On Golden Pond is a warm and sentimental comedy, full of acerbic wit and feisty drama in its bittersweet look at old age. Klugman, best known for his Emmy-winning role as sports writer Oscar Madison in the '70s sitcom The Odd Couple, plays opposite Patricia Fraser as Ethel Thayer.

The Thayers have been married for 40 years and are spending time together at their summerhouse at Golden Pond in Maine. She's active, picking berries and singing old camp songs. He can't remember his way to the Old Town Road, a route they've walked together many times. His thoughts turn to death, a topic his wife stubbornly avoids.

"The play is so identifiable," Klugman said. "It's really about life, mortality and appreciating what you have instead of dwelling on what you don't have. We get a lot of laughs. It's a funny play.
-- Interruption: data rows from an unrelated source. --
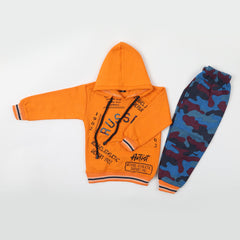 Boys Full Sleeves Pajama Suit - Orange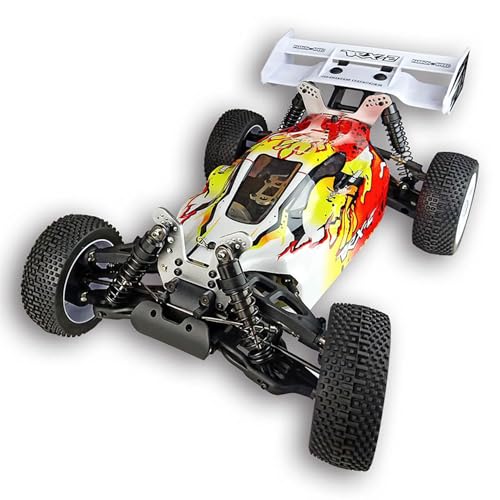 wheelfun 1/8 RH812 Ferngesteuertes Geländefahrzeug, AWD, Hochgeschwindigkeits-Modellauto, 6 kg, Servo, Metall, obere Steuerarme, Heckflügel-Ladegerät, Hobby-Modell für Erwachsene (rot) von wheelfun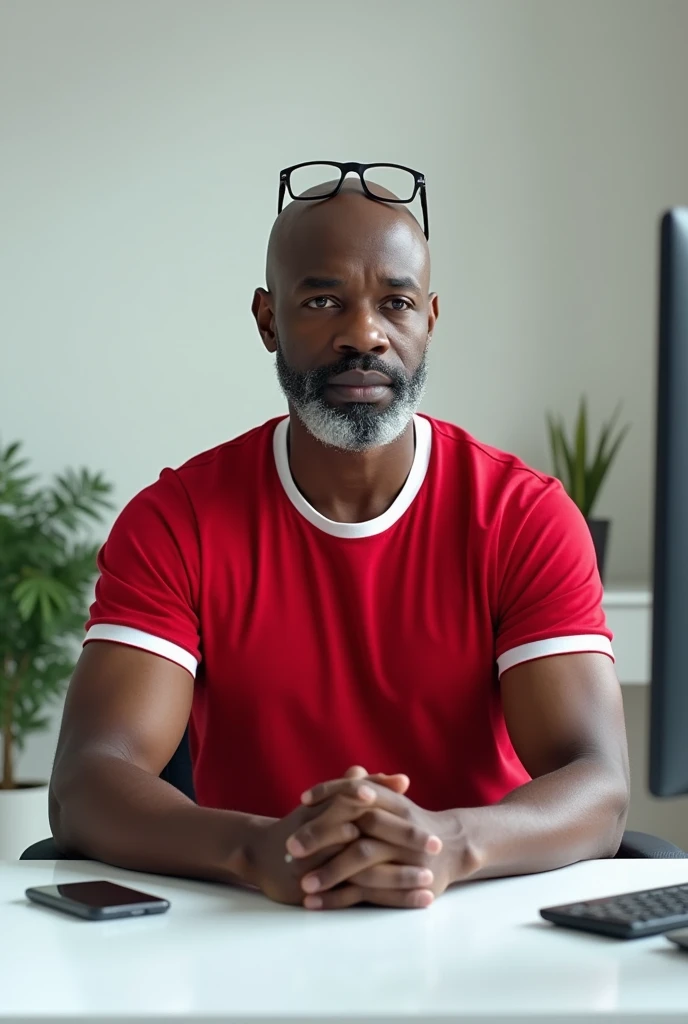 Un africain, tête rasée, barbe rasée, âgé de la cinquantaine, assis derrière un bureau avec un ordinateur bureautique large de couleur blanche,il est dosé il porte un t-shirt rouge, le bord des manches blanc, il porte une paire de lunettes tenue sur le fro...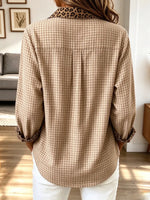 Retro Leopard Pattern Plaid Art Casual Stylish Cotton Linen Shirt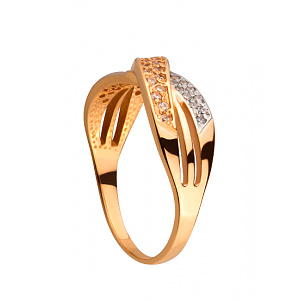 Золотое кольцо с цирконием куб. (01-19089280) фотография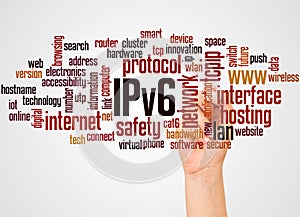 IPv6 network word cloud and hand with marker concept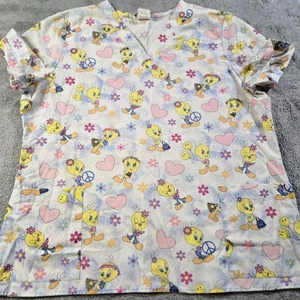 Looney Tunes Scrub Top Women's Large Tweety Bird Hippie Peace Flowers VTG - Picture 1 of 7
It just delights the hell out of me."

The Thayers' grown daughter, Chelsea, returns, hoping to patch up her strained relationship with her father, whom she thought never could accept her failure to become a champion diver. She brings along her new boyfriend, Bill Ray, a handsome dentist, and his precocious teenage son, Billy Ray.

To everyone's surprise, particularly their own, Norman and Billy Ray establish a bond of affection and understanding that Norman never enjoyed with his daughter.

"I like to be alone at my place there at night and this kid comes unexpectedly to see me," said Klugman. "My relationship with my daughter is not very good, so I don't like this kid right away. But we begin to be very open and very honest. He lets me know his feelings and we develop a wonderful relationship."

There's hope for Norman and Chelsea, too. They talk and grow to know one another better. Reconciliation seems not so far away.

Of all the characters, Norman poses the biggest challenge -- both to the other figures in the play and to the actor who portrays him.

"He likes solitude. He's afraid of people," said Klugman. "He likes to be alone and the other characters are a challenge to him. Actually, he overcomes that, too. He's a crusty old guy who is really soft underneath. That's the way I see him."

Klugman has spent a lifetime looking into the inner strengths and weaknesses of his characters. After finishing On Golden Pond, he plans to turn the focus inward for a one-man show about his 60-year career. The show is slated for September in Los Angeles.